This week I received a career memoir that the writer has been working on for 38 years. I was skeptical when he told me it was the first of five volumes. The autobiography of famous leaders usually fits in one volume, even though autobiography needs a lot more factual detail than a memoir. Memoir is a musing on the learning of a life, or even a single aspect of a life – it requires only enough detail to ground the musing. Memoir is about what beliefs the writer has about the experiences. Facts really do not matter as much as the impact of experiences.

Giving my writer the benefit of the doubt, I set about reading. Here’s my response to him:

I want you to write first the back cover copy for the entire Book I. Eventually you’ll do that for the other four books. But way before that, I want you to go through the same exercise with each chapter of Book I.

Basically I’m asking you to redo the chapter outline and write down why each chapter will excite the reader. Then we’re going to have to redo the chapters to make them that exciting. What you have now is a description of a lot of activity and some backstory about it. If it were simply a record of what happened – which maybe your kids will be interested in – it could stand as is. But if you are hiring me to try to make this commercial, I need to know what you think the juice is. I can’t edit unless I know what you want the reader to gain from each chapter. It’s not enough to tell a sequence of events without them fascinating the reader the way a good mystery does. A memoir is a story and must inspire the reader to turn the pages (or scroll down). What you have written is more like a historical record, the guide to an archive.

(An editing colleague I talked with about this project assured me I wouldn’t hear back from my writer. But he called two days later, appreciative of the boost this gave him. Knowing how to address each client in a way that spurs them on with excitement is a hard-earned skill.)

I referred him to my blog on developing back cover text. Here’s my summary for use as a guide for each chapter. First, writing your back cover text even before you start writing will help you hone in on what you want the reader to gain from reading your book.

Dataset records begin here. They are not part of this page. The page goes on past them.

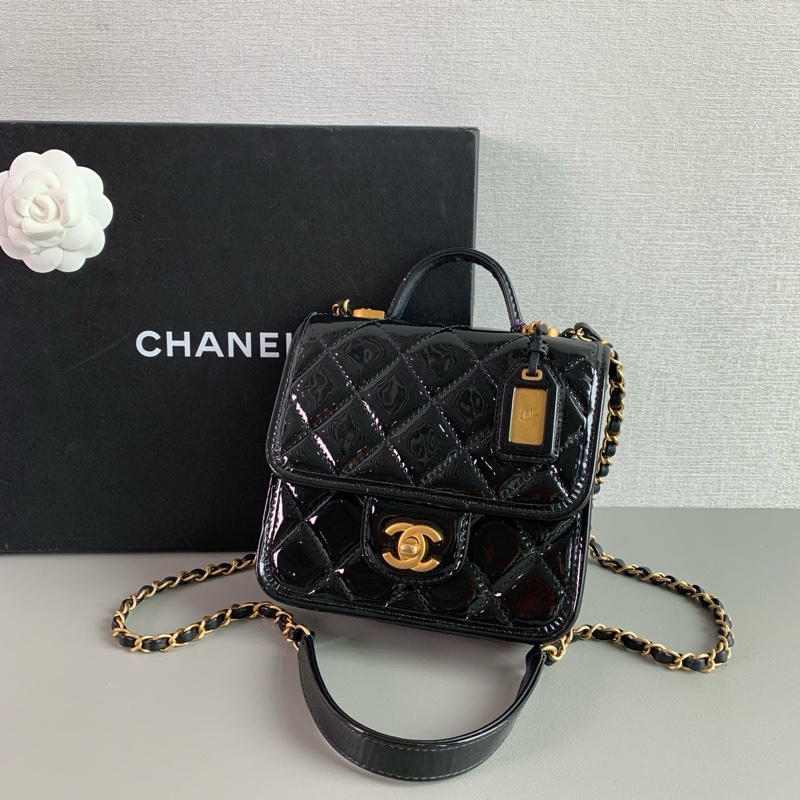 Chanel 22K 黑金漆皮 豆腐郵差包|98新|芯片款|稀有亮面|立體俐落版型|超顯氣質-2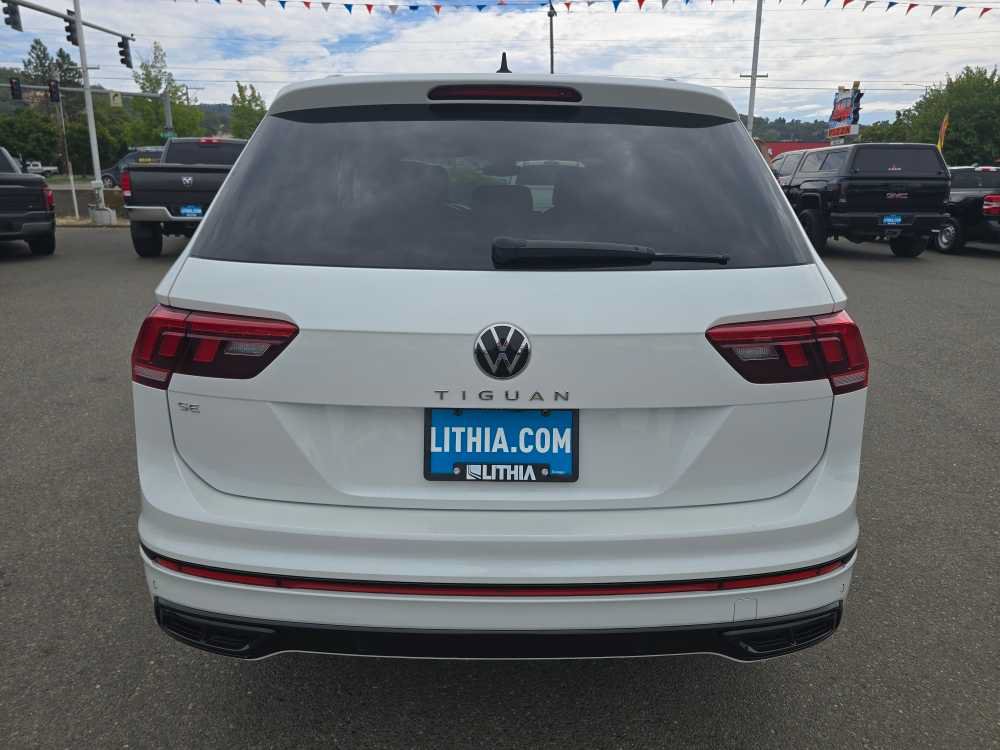 Used 2022 Volkswagen Tiguan SE R-Line FWD image 4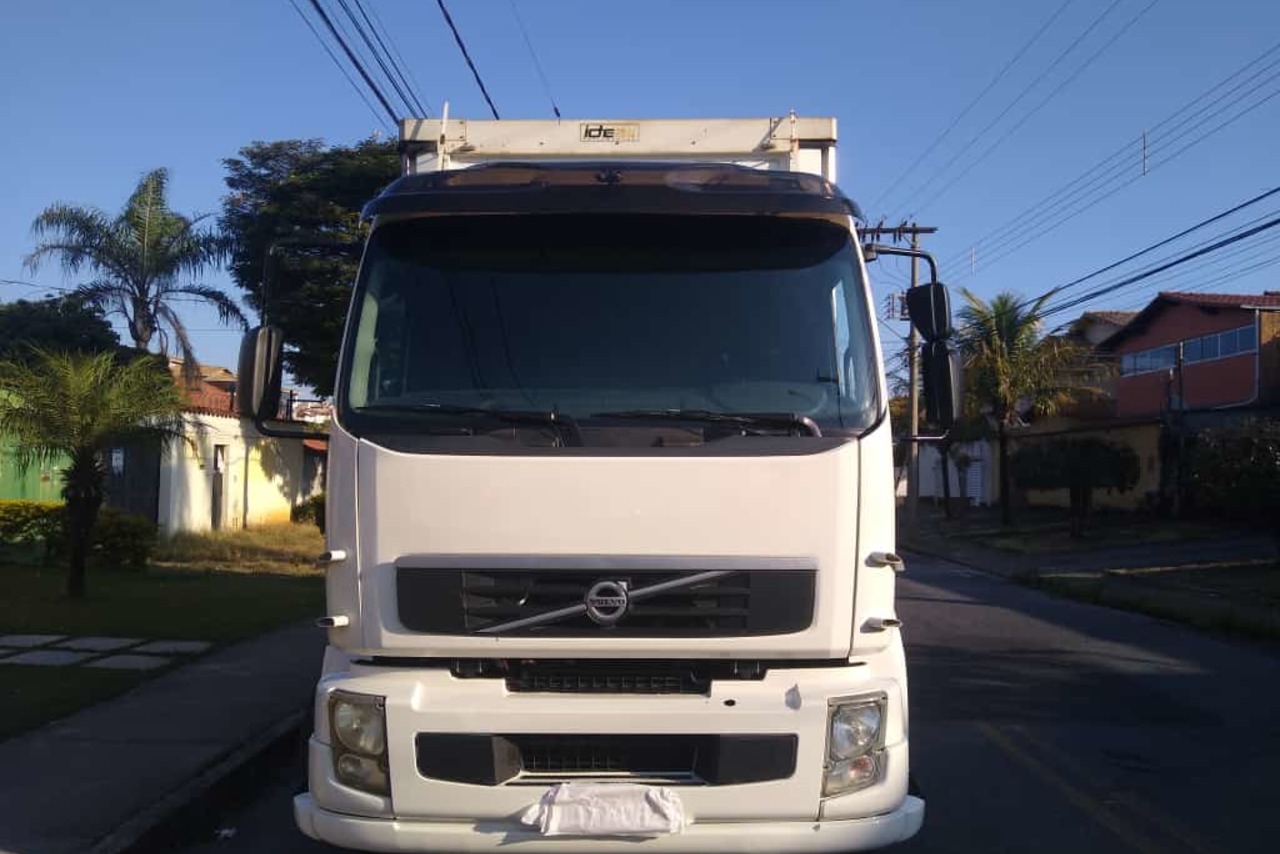 Volvo VM 270 - 12/12 1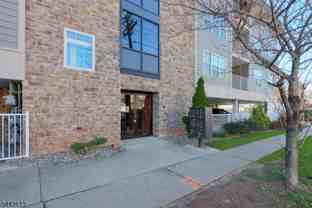1130 Fairmount Ave #104 - Photo 1 of 1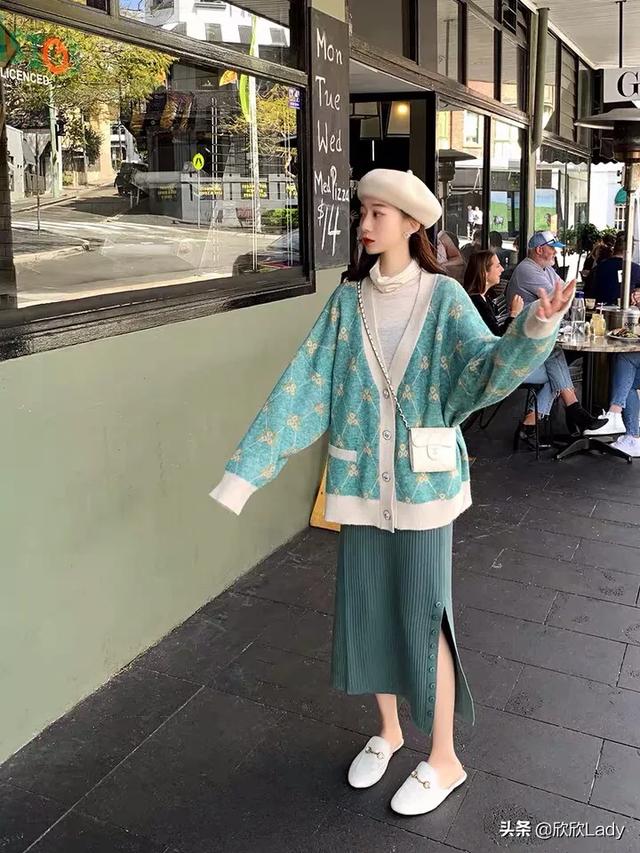 慵懒风毛衣外套如何搭配(图16)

For fiction, in three or four (efficient) sentences describe the heart of the story and what the reader will experience from reading it. Include words like titillating, sensual, terrifying, infuriating – words that elicit emotional interest appropriate to your intention.

For non-fiction, tell the reader what is unique about your approach to the topic, then include bullet points of what they will learn or what action they will be inspired to take in the world. If you want to build world peace, give them motivation and specific tools to help them build it. If you want to build support for your prejudice, give them details that instill hatred.

The back cover copy will address the book as a whole. It will also keep you on track as you build your outline. No matter what outlining technique you use (or none at all, heaven protect your editor), detail out what the back cover does as relevant in each chapter, using the same guidance.

For fiction, you’ll name the content, the tension, and the emotional tone. For non-fiction, bullet-point the details that will carry the reader toward what you want them to gain.

As you continue outlining and as you progress with the writing, review this question to help you stay on track with each chapter’s blurb: Is the content I’m including bringing readers closer to what I want them to experience?